In the 2007 Gran Consiglio election, there were a total of 951 registered voters in Alto Malcantone, of which 623 or 65.5% voted. 6 blank ballots and 3 null ballots were cast, leaving 614 valid ballots in the election. The most popular party was the PLRT which received 180 or 29.3% of the vote. The next three most popular parties were; the PPD+GenGiova (with 115 or 18.7%), the PS (with 107 or 17.4%) and the SSI (with 94 or 15.3%).

In the 2007 Consiglio di Stato election, 8 blank ballots and 3 null ballots were cast, leaving 612 valid ballots in the election. The most popular party was the PLRT which received 166 or 27.1% of the vote. The next three most popular parties were; the PS (with 122 or 19.9%), the PPD (with 111 or 18.1%) and the LEGA (with 107 or 17.5%).

==Education==
In Alto Malcantone about 78.5% of the population (between age 25 and 64) have completed either non-mandatory upper secondary education or additional higher education (either university or a Fachhochschule).

In Alto Malcantone there were a total of 182 students (As of 2009). The Ticino education system provides up to three years of non-mandatory kindergarten and in Alto Malcantone there were children in kindergarten. The primary school program lasts for five years and includes both a standard school and a special school. In the municipality, 66 students attended the standard primary schools and 3 students attended the special school. In the lower secondary school system, students either attend a two-year middle school followed by a two-year pre-apprenticeship or they attend a four-year program to prepare for higher education. There were 56 students in the two-year middle school, while 17 students were in the four-year advanced program.

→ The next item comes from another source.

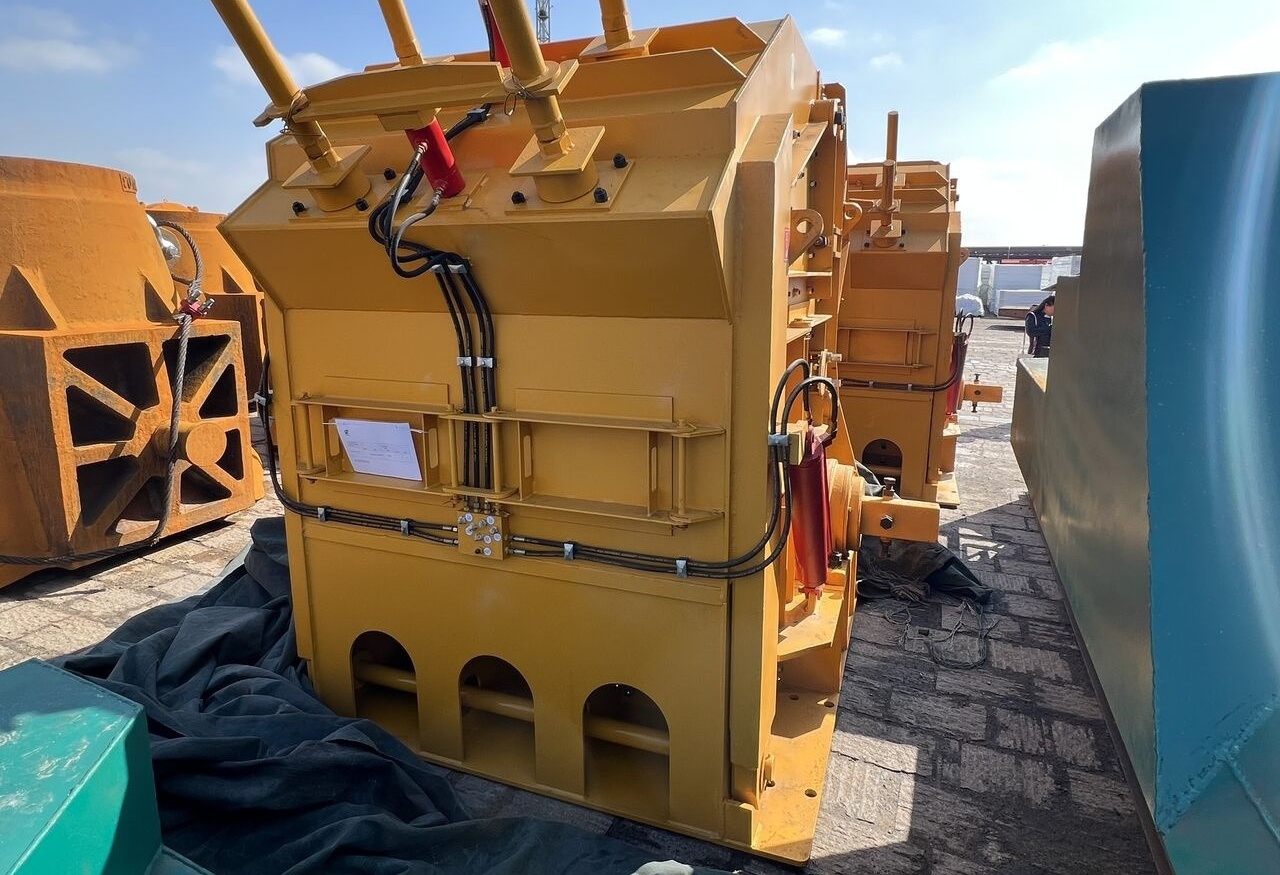 Kinglink KPF1416 Horizontal Impact Crusher | HSI Impact Crusher - Impact crusher: picture 5 Kinglink KPF1416 Horizontal Impact Crusher | HSI Impact Crusher - Impact crusher: picture 5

The upper secondary school includes several options, but at the end of the upper secondary program, a student will be prepared to enter a trade or to continue on to a university or college. In Ticino, vocational students may either attend school while working on their internship or apprenticeship (which takes three or four years) or may attend school followed by an internship or apprenticeship (which takes one year as a full-time student or one and a half to two years as a part-time student). There were 14 vocational students who were attending school full-time and 22 who attend part-time.

The professional program lasts three years and prepares a student for a job in engineering, nursing, computer science, business, tourism and similar fields. There were 4 students in the professional program.

==Economy==
As of In 2007 2007, Alto Malcantone had an unemployment rate of 3.16%. As of 2005, there were 24 people employed in the primary economic sector and about 10 businesses involved in this sector. 41 people were employed in the secondary sector and there were 14 businesses in this sector. 61 people were employed in the tertiary sector, with 22 businesses in this sector. Of the working population, 10.6% used public transportation to get to work, and 70.6% used a private car.

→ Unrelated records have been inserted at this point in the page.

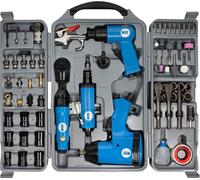 Güde set d'outils pneumatiques Güde 71 pièces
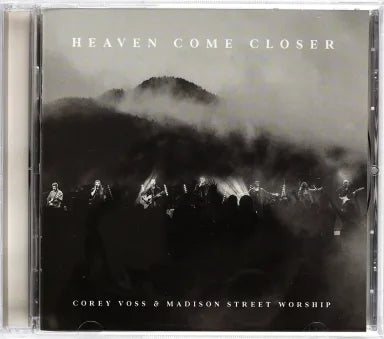 HEAVEN COME CLOSER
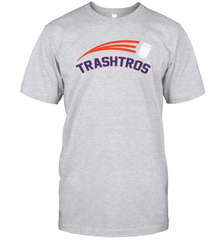 Trashtros Trash Swoosh 2020 Men's T-Shirt - kambletee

As of 2009, there were 2 hotels in Alto Malcantone.

==Housing==
As of 2000 the average number of residents per living room was 0.53 which is fewer people per room than the cantonal average of 0.6 per room. In this case, a room is defined as space of a housing unit of at least 4 m2 as normal bedrooms, dining rooms, living rooms, kitchens and habitable cellars and attics. About 60.3% of the total households were owner occupied, or in other words did not pay rent (though they may have a mortgage or a rent-to-own agreement).

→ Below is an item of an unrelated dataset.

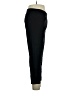 Kasper Solid Black Active Pants Size 16W - photo 4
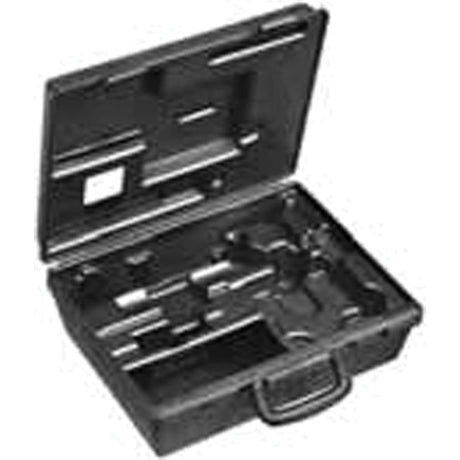 Magnehelic Gauge Case, Hard Case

As of 2000, there were 501 private households in the municipality, and an average of 2.2 persons per household. The vacancy rate for the municipality, in 2008, was 0%. As of 2007, the construction rate of new housing units was 7.1 new units per 1000 residents.

==Heritage sites of national significance==
The Parish Church of Di S. Michele and is listed as a Swiss heritage site of national significance. The entire village of Breno is part of the Inventory of Swiss Heritage Sites.